Le Président de Business Africa, M. Baïdy Agne, a été reçu au Palais de l’Elysée par le Président de la République de France, M. Emmanuel Macron.
D’après le communiqué parvenu à notre rédaction, le Président de Business Africa, M. Baïdy AGNE, a été invité par le Président de la République de France, M. Emmanuel MACRON, au diner présidentiel de l’Elysée, ce mercredi 11 mars 2026, dans le cadre de la préparation du Business Forum « Africa Forward : Inspire & Connect » prévu lors du Sommet des Chefs d’Etats Afrique-France à Naïrobi (Kenya) les 11 et 12 mai 2026.
Le document souligne que « Africa Forward : Inspire & Connect » est co-organisé par la Banque Publique d’Investissement Française (BpiFrance), la Proparco et Business France. Et le document de préciser : « « Africa Forward : Inspire & Connect », le Forum d’affaires du Sommet Afrique–France, réunira autour des Chefs d’Etat, du Patronat Africain et du Patronat Français, plus de 1.500 Chefs d’entreprises, ainsi que les institutions financières et de coopération africaines, françaises et internationales. Le Président de Business Africa, M. Baïdy AGNE, aux côtés du Président du MEDEF et du Président de l’Alliance des Patronats Francophones (APF), soumettra aux Chefs d’Etat la Déclaration Conjointe du Secteur Privé Franco-Africain pour le développement du partenariat d’affaires et de la coopération économique Afrique-France ».
« Au niveau de Business Africa, les priorités des relations économiques, financières et techniques entre l’Afrique et la France ont été déjà été identifiées.
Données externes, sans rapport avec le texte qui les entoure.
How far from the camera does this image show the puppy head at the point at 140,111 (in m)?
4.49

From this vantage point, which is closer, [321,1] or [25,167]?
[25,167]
Elles portent notamment sur : Les facilitations pour les déplacements d’affaires ; les co-investissements pour le développement des chaines de valeurs agro-industrielles et sanitaires ; les facilitations pour le financement des co-investissements privés ; la mise en place d’une Plate-forme du « Made In » et de mise en relations d’affaires ; le co-investissement pour l’interconnexion du marché intra-africain dans le domaine des transports terrestres, maritimes, aériens et énergétiques ;la promotion de la dématérialisation, de la connectivité et des services numériques ;le développement de places financières intégrées et des écosystèmes nécessaires.la gestion de l’IA, du développement durable, des transitions numérique et énergétique ;le renforcement des compétences professionnelles et le transfert de compétences et de technologies ;Le développement de hubs dans le domaine du numérique et de la haute technologie, ainsi que de la santé », note la source.
Par Massaër DIA.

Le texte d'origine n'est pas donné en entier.